In the section ["Installation"](#installation) we explain how to create a conda environment with all the necessary libraries. The sections ["Download datasets"](#download-datasets) and ["Download models"](#download-models) describe how to download datasets and models correspondingly. The section ["Evaluate models"](#evaluate-models) explains how to evaluate the models and reproduce the results reported in the paper. The section ["Train models"](#train-models) explains how to train models from scratch without downloading them. The section ["Cache datasets"](#cache-datasets) describes how to cache datasets from scratch without downloading cached datasets.

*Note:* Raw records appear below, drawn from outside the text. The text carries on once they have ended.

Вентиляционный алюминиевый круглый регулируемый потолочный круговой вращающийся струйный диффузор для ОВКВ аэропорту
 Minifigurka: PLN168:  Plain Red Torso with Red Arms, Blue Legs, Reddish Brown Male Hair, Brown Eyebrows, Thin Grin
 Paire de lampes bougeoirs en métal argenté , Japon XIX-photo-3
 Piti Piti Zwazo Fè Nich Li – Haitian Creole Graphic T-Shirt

The section ["Note about stuned.run_from_csv.py and .csv files"](#note-about-stunedrun_from_csvpy-and-csv-files) gives additional information about the scripts running pipeline we use in this repository.

All commands are supposed to be run from the root of this repository and all paths are given relatively to it.

## Installation

To create a python environment we use [anaconda](https://www.anaconda.com/).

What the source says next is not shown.